No, we didn’t have a time machine to go back to Monet’s early career. Instead we went to San Francisco Legion of Honor, which was hosting an exhibit of more than 50 of Monet’s earliest oil paintings
The exhibit begins withView Near Roulles. Painted in 1858 when he was only 17, this was the first of his works to be displayed in public. His La Pointe de la Heve, painted when he was only 23, was the first of his works selected for display in the prestigious Paris Salon.
The exhibit proceeds though a broad range of other works including not only landscapes, but also still lifes, portraits, studies, scenes with friends and family, works that were painted “on location” (traveling in Normandy, Argenteuil, London, Zaandam Holland, etc.) and those painted in collaboration with colleagues including Renoir.
Throughout the exhibit are not only pictures portraying, but also explanations of the stages of his personal life, from his life with his parents, through his first and second wives—from his early days of poverty though 1872, by which his career was relatively established.
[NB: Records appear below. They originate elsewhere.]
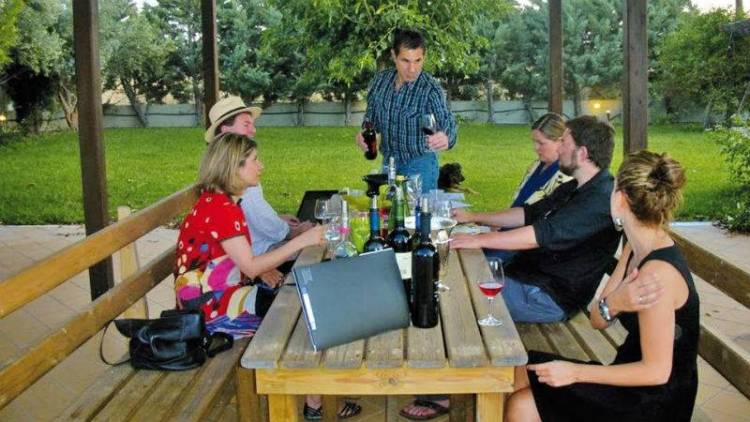 «Ανοιχτές Πόρτες»: Βόλτα στα Λημνιά οινοποιεία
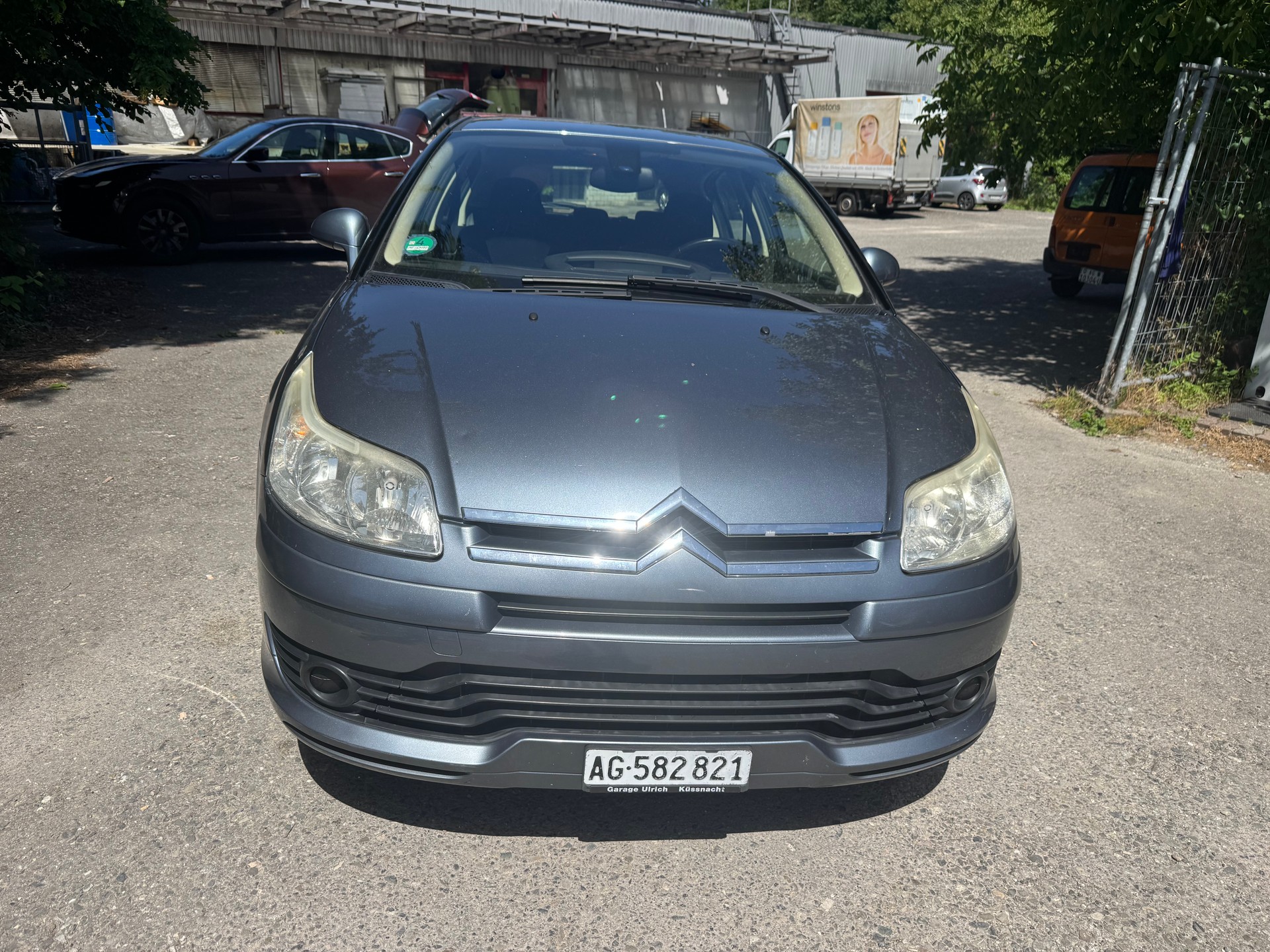 CITROEN C4 Berline 1.6i 16V SX-image-1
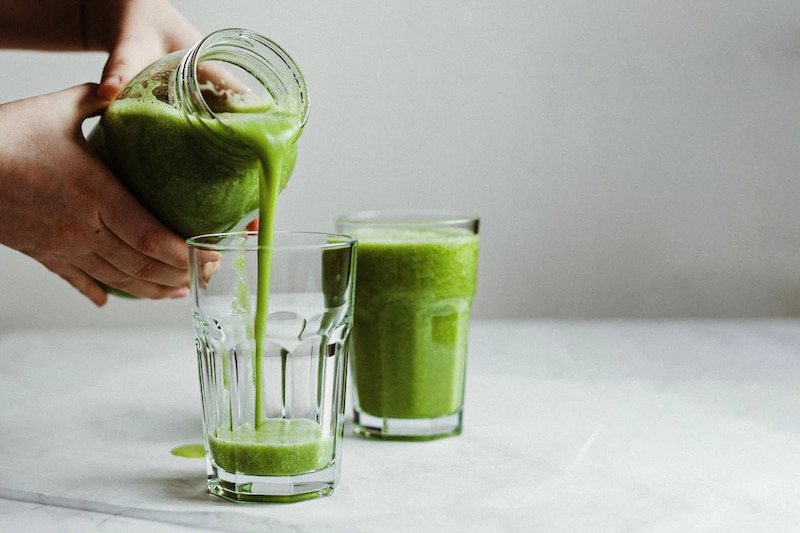 Nhổ răng khôn có đau không? Trường hợp nào đau nhiều? Ưu tiên cháo, súp, bún, mì mềm, sữa chua và các loại sinh tố từ trái cây, rau củ,...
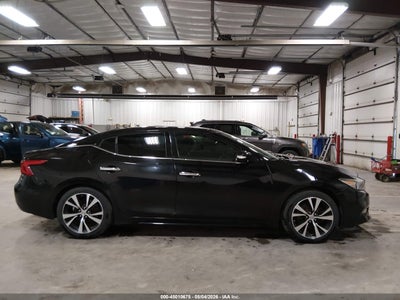 NISSAN MAXIMA
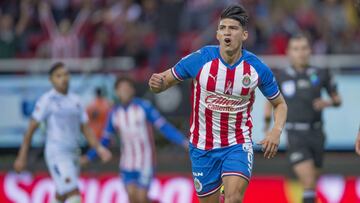 Alan Pulido dedicó el título de goleo a Jorge Vergara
In fact, one of the 1972 works on display, Regatta in Argenteuil, marked by his move to a looser application of paint, marked the threshold of the artist’s entry into his more mature Impressionist phase.
All though the exhibit you see evidence that Monet, even in his twenties, already displayed techniques and textural subtlety that is seldom seen in such young artists. Most importantly, you see his early understanding of and experimentation with light and color, such as the interplay of light on different surfaces, in different weather conditions and at different times of the day. These include a number of seascapes and a number of his late, early-stage works from 1871 and 1872. Most illustrative is a series of representations of a towpath running along a river that were painted at different times of day and in different weather—a series that presages many of his more famous series of grainstacks, poplars, bridges, landscapes and buildings.
The exhibit provided a nice counterpoint to our last trip to Paris, where we explored the end of Monet’s career with a visit to the artist’s Giverney home and garden and the Musee de L’Orangerie’s series of Nymphéas water lily paintings.